**Your assignment**
Nothing after the line with "Starting on the" belongs in the copy; extract the lines below from the top through that line, pictures left out.

------ Data for this task ------

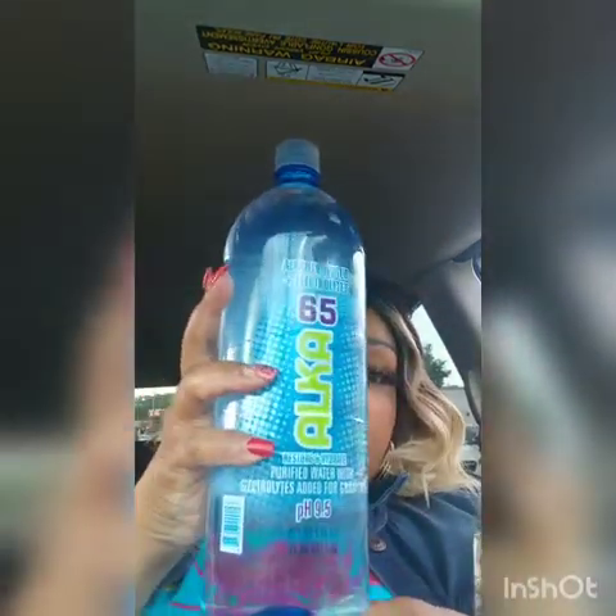I only bought two because I felt stupid paying a dollar. Here I am, the bargain queen, paying a dollar for a 700ml bottle, when they have this bottle — I know it's a lot bigger. This is 1.5 liters and this is the Alka 65 alkaline water with electrolytes for a dollar.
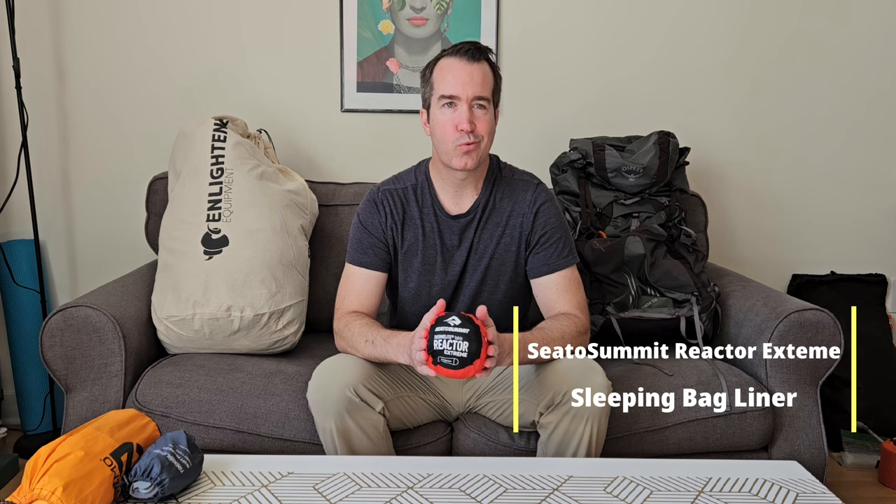Starting on the trail, it'll probably get cold at night, particularly through the Great Smoky Mountains which are notorious for spring snows. I'll be bringing a Sea to Summit Thermalite Reactor Sleeping Bag Liner. They advertise it adds 20 to 25 degrees of warmth — that's probably not entirely true — but it will add some warmth and help keep my sleeping quilt cleaner. I'll likely use it through the Smokies, then send it home once it warms up.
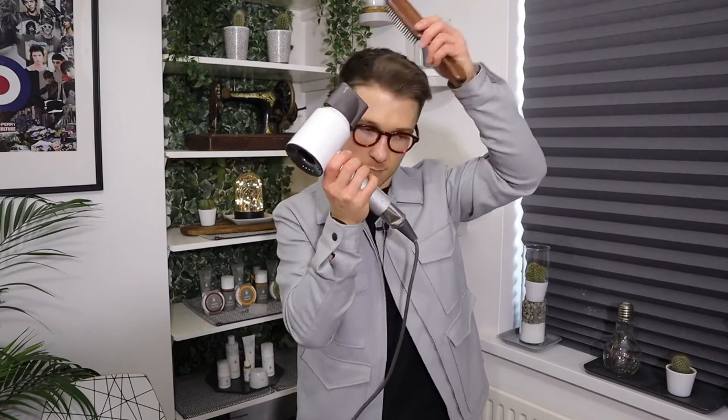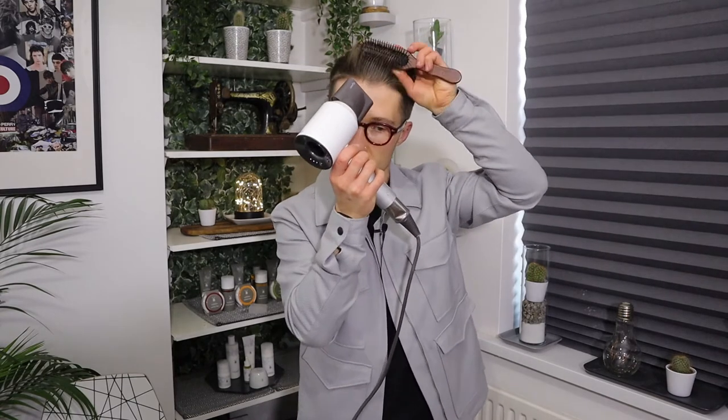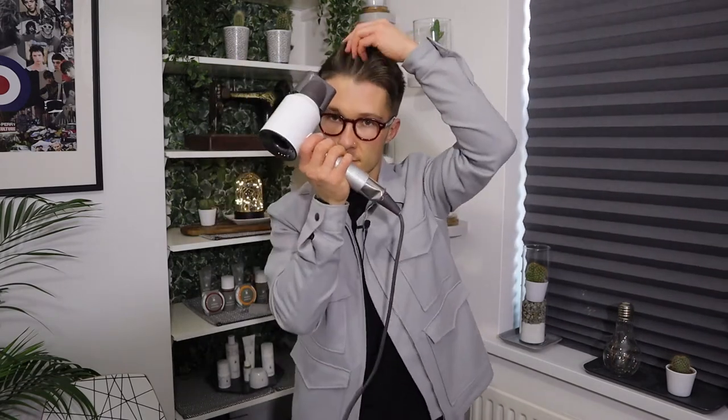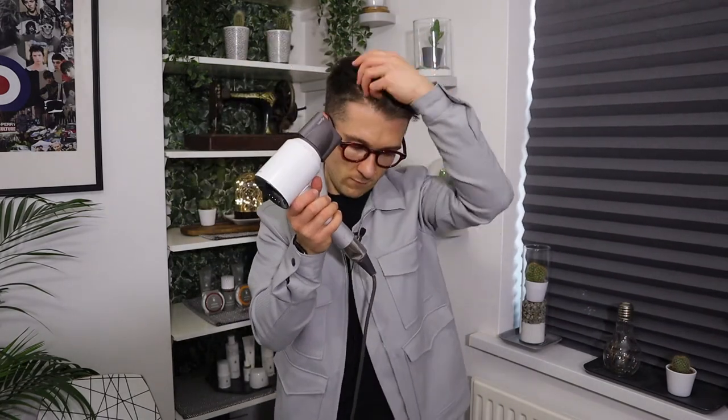Once I've got that top area dry, I'm going to use a brush through that front area to pick it up and get some lift and real volume through the front as well. So I get a nice curl and a nice flicking through that top.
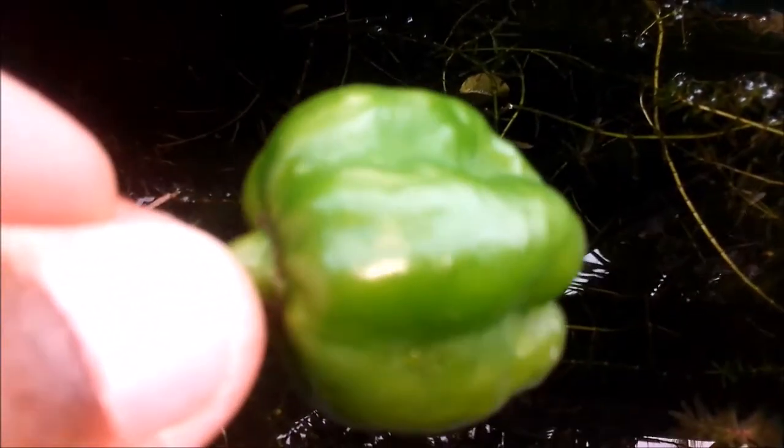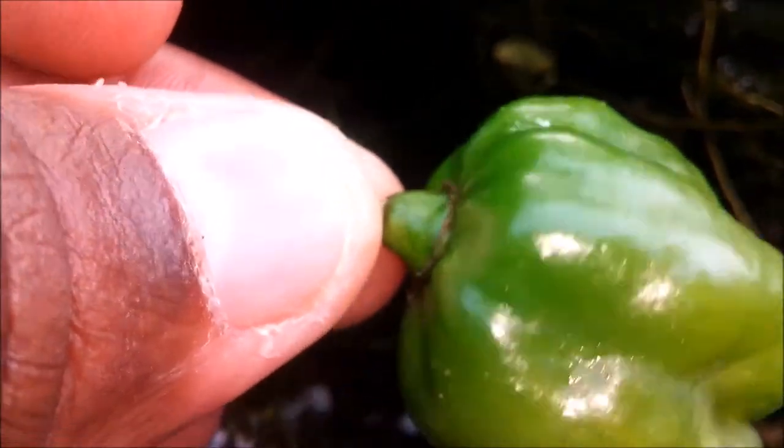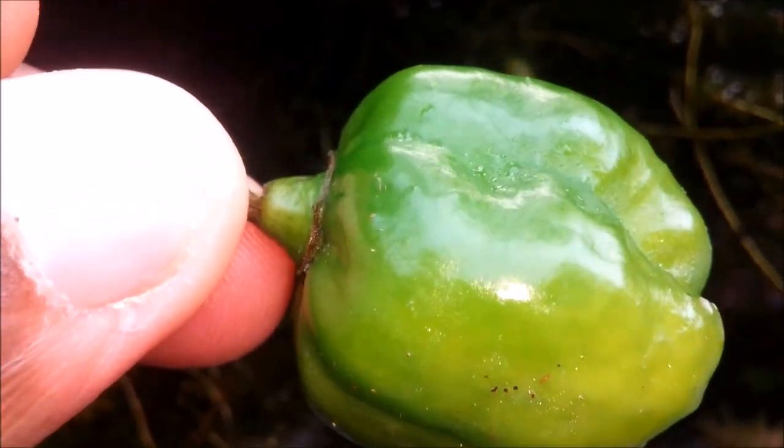Welcome to another episode of Fish Keeping Jamaica. Currently you are looking at some of my mosquito fish swimming around. Today I'll be sharing a discussion about whether you can actually feed your aquarium fish crushed red pepper — specifically in liquefied form, putting it in a container and making infusoria with it. Is it good for your fish or is it bad?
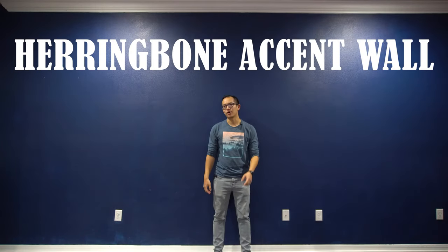Hey everyone, I'm David Zito and welcome to Zito Home DIY. Today we're going to turn this wall into a herringbone accent wall for around $200.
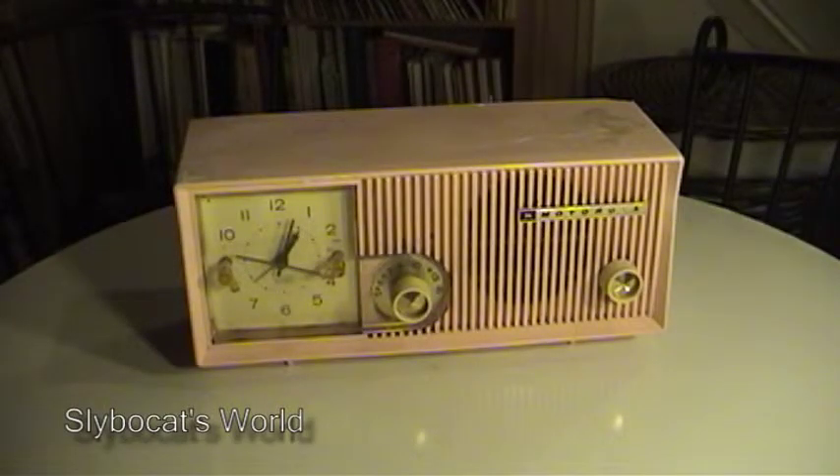Hey there YouTube fans and fans of old antique radios. This is another one from my collection. This is a 1950s model Motorola clock radio. This one's in pretty rough condition. It's one that I received with a lot of several radios from a gentleman in Ohio some years back.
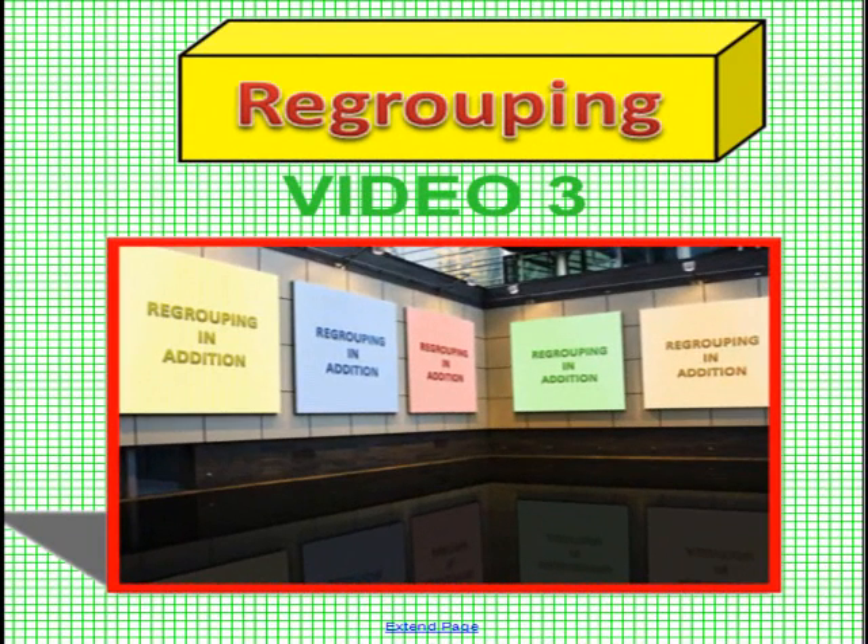Please have one of your students come up to the SmartBoard for the very first problem. Please remember to save this video first on your computer, then open it up with Smart Video Player.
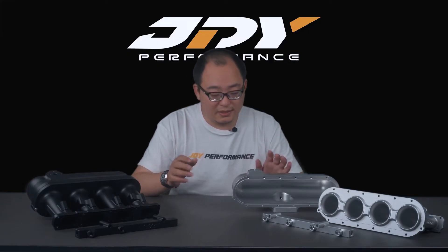This intake manifold is made from billet aluminium and we are offering three colors. In front of me we only have two because the gold one is still in production — so as you can see, we are making a silver one and a black one, and they are all surface anodized.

------

**Solution to this problem**
I only bought two because I felt stupid paying a dollar. Here I am, the bargain queen, paying a dollar for a 700ml bottle, when they have this bottle — I know it's a lot bigger. This is 1.5 liters and this is the Alka 65 alkaline water with electrolytes for a dollar.
Starting on the trail, it'll probably get cold at night, particularly through the Great Smoky Mountains which are notorious for spring snows. I'll be bringing a Sea to Summit Thermalite Reactor Sleeping Bag Liner. They advertise it adds 20 to 25 degrees of warmth — that's probably not entirely true — but it will add some warmth and help keep my sleeping quilt cleaner. I'll likely use it through the Smokies, then send it home once it warms up.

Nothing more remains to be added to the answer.